Range to copy from the entries below: the line containing "MOCOLL HONOR MAGIC" through the line containing "Прохождение The Witcher", inclusive. Retype only those lines, exactly, without any images.

**Entries provided**
■ ■ ■ ■ ■

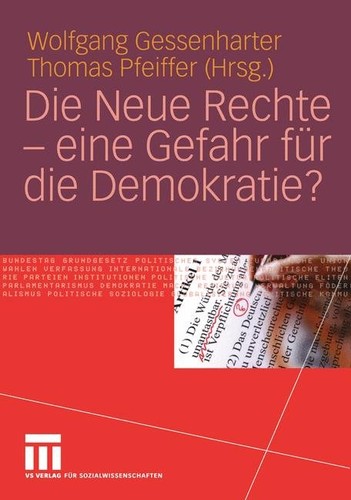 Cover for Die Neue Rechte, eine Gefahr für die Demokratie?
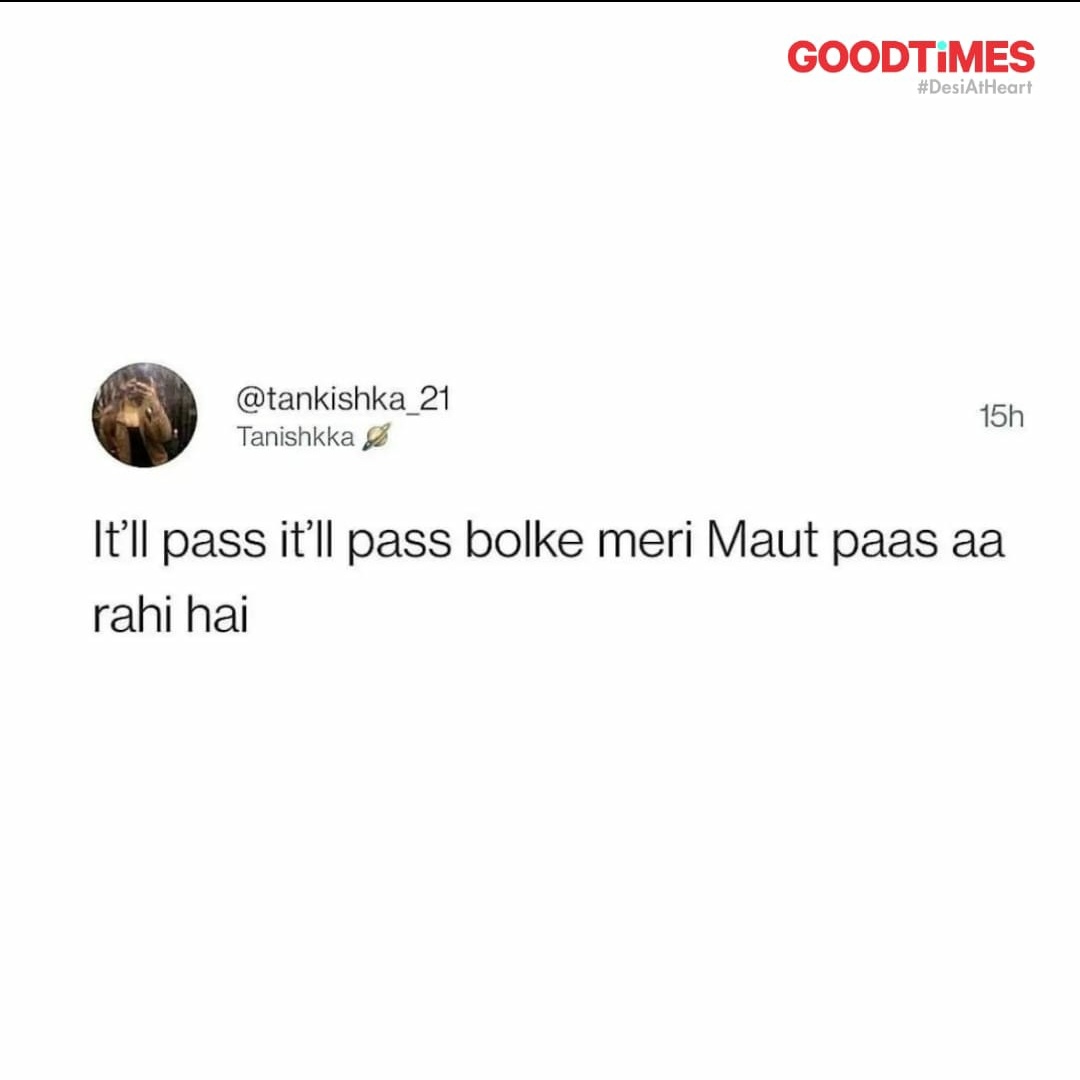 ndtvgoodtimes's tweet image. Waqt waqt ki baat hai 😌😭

■ ■ ■ ■ ■

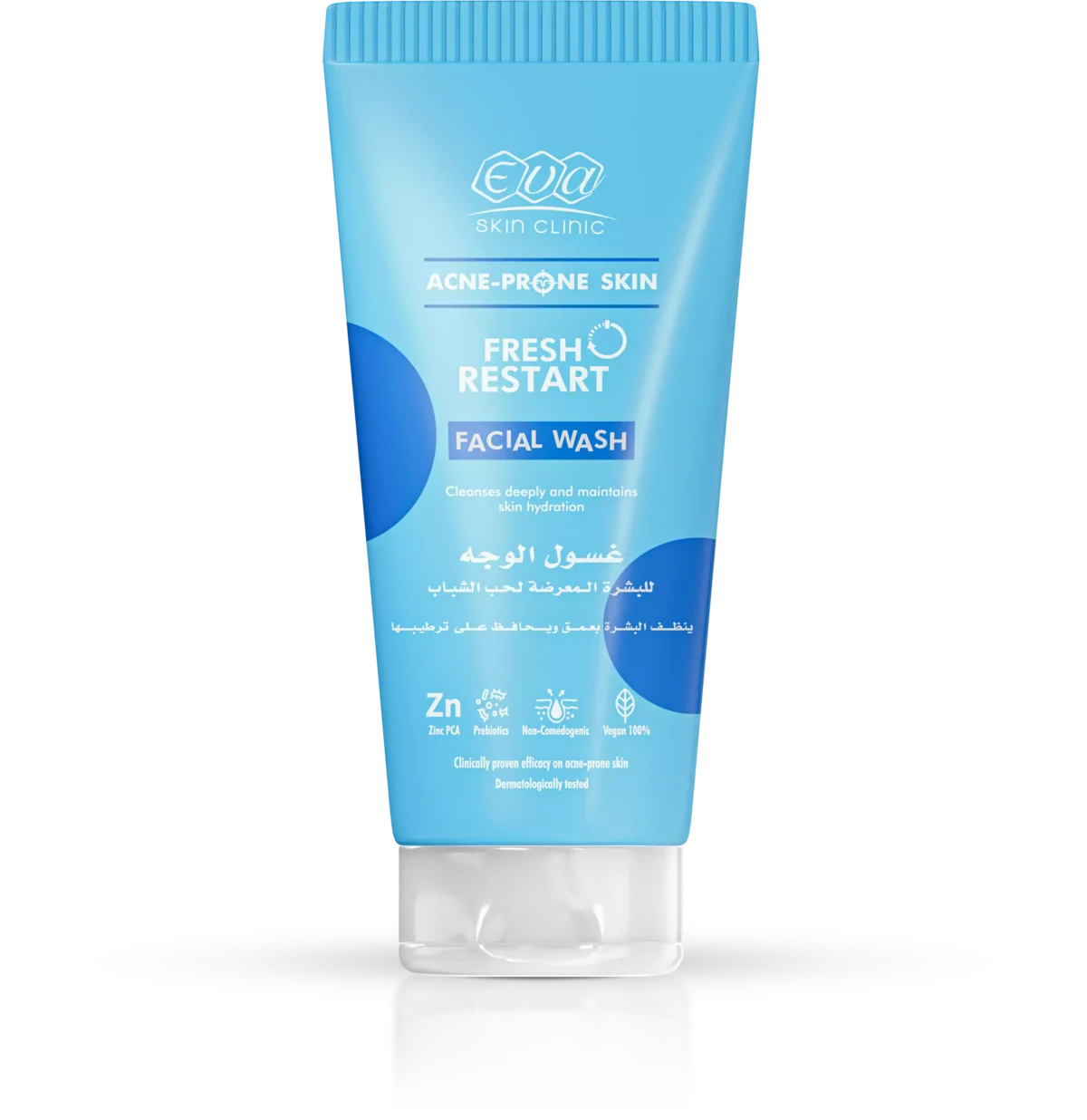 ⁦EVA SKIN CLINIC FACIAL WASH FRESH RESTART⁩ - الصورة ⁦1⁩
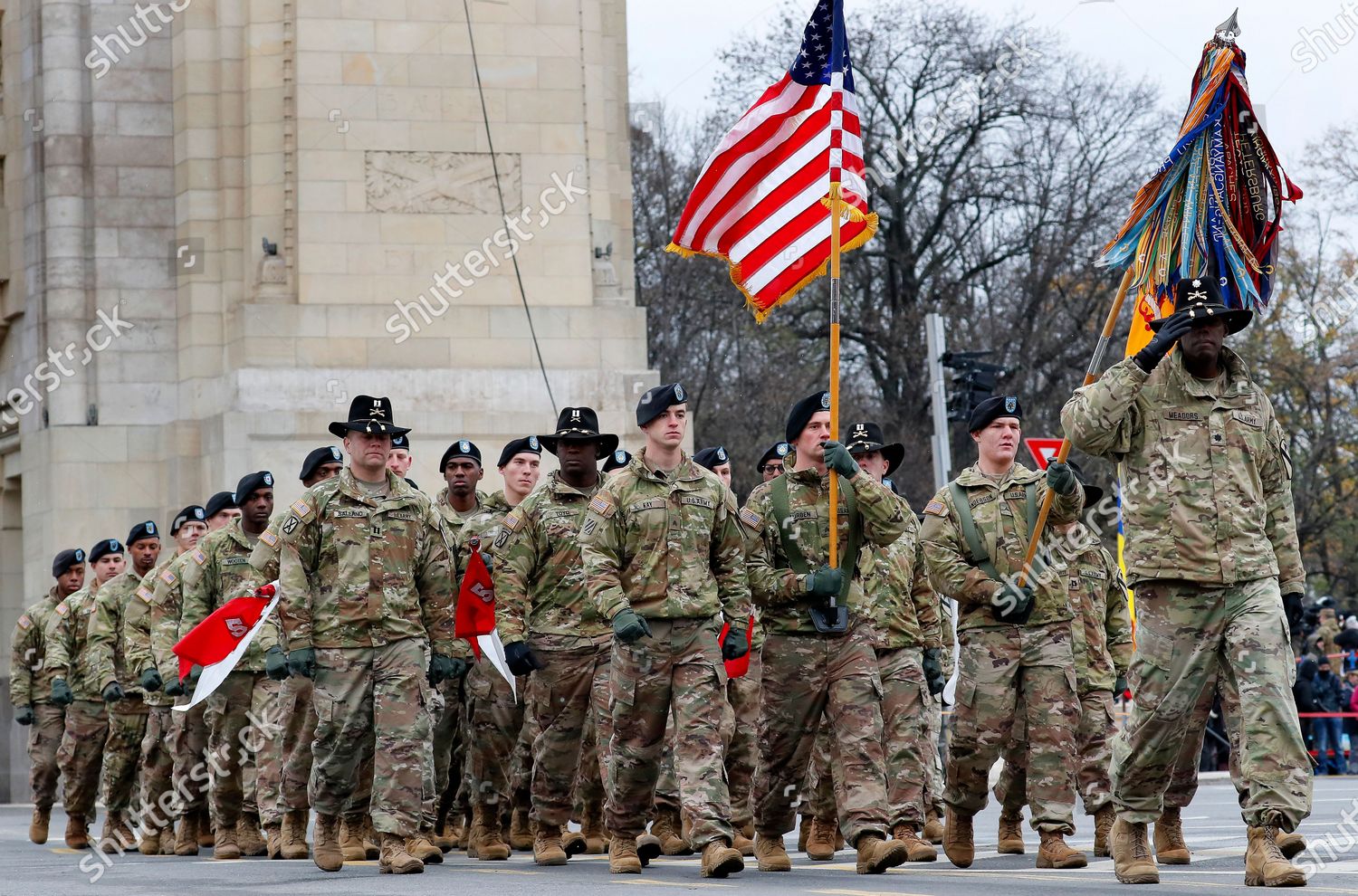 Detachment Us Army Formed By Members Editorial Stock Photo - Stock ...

■ ■ ■ ■ ■

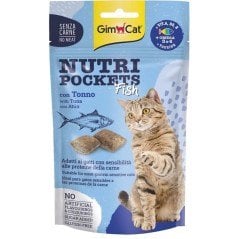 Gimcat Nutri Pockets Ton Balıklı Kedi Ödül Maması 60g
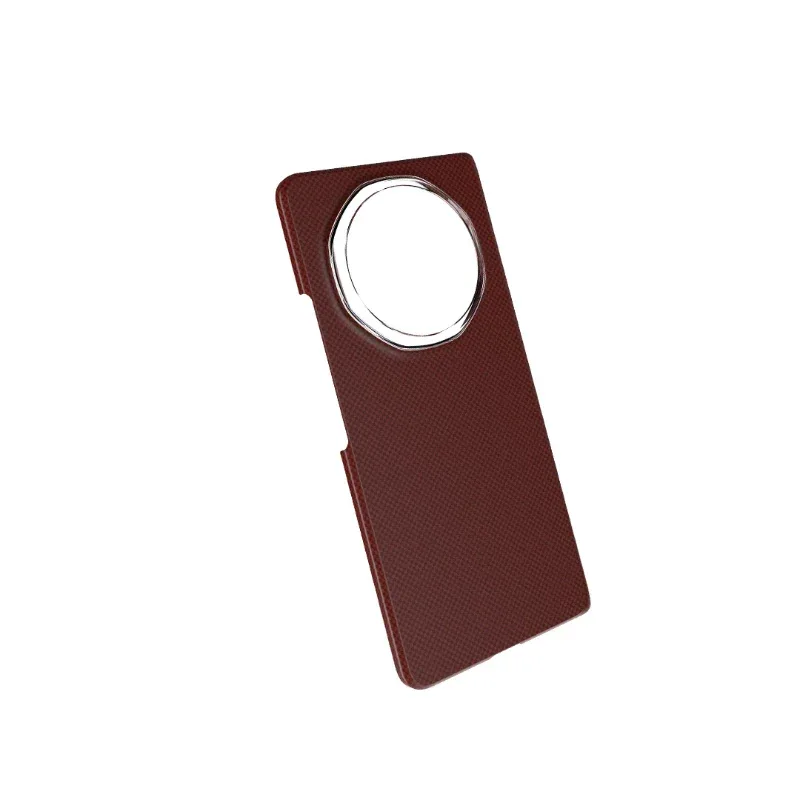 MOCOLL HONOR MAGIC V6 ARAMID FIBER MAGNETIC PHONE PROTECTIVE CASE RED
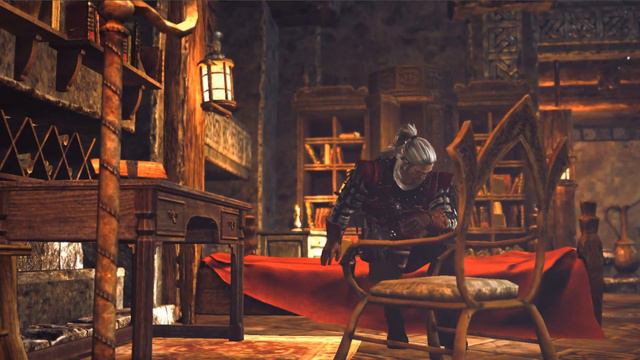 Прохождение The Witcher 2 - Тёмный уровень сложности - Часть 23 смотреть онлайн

■ ■ ■ ■ ■

**Task answer**
 MOCOLL HONOR MAGIC V6 ARAMID FIBER MAGNETIC PHONE PROTECTIVE CASE RED
 Прохождение The Witcher 2 - Тёмный уровень сложности - Часть 23 смотреть онлайн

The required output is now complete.